Local workers plant cassava stems at a farm belonging to a white Zimbabwean farmer in Shonga, Nigeria, on Tuesday, July 29, 2008. White farmers fleeing Robert Mugabe’s land seizures in Zimbabwe, have decided to settle in Shonga in central Nigeria, hoping to spark an agricultural revolution in Africa’s most populous country with modern farming techniques. Photographer: George Osodi/Bloomberg News

Zimbabwe had stopped seizing farms protected by foreign investment accords, Land Reform Minister Herbert Murerwa said yesterday.

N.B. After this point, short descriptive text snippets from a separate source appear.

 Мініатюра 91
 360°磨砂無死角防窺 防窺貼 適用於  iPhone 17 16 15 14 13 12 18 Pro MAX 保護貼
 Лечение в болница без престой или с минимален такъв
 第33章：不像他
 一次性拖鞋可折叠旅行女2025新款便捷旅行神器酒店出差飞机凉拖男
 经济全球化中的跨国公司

A German commercial farmer is suing the government for $600 million (R5 billion) in compensation for his eviction under President Robert Mugabe’s land seizure programme, while Dutch farmers have lodged a case at the US-based International Centre for Settlement of Investment Disputes.

The bilateral investment promotion and protection agreements that Harare signed with countries including Belgium, Botswana, Germany, the Netherlands, Italy, and South Africa stipulate that compensation must be paid for any assets seized.

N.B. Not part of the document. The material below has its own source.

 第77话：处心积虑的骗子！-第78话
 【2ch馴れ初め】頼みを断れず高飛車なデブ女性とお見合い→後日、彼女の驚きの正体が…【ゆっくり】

“It’s a position we have taken for now that all farms under [bilateral] agreements will not be acquired under the land reform programme,” Murerwa said. People would “not be settled on those farms that are under [such] agreements. We will respect the agreements we have.”

Several white farmers have sought the return of their land in court since Mugabe’s administration began seizing commercial farms for redistribution to black Zimbabweans in 2000.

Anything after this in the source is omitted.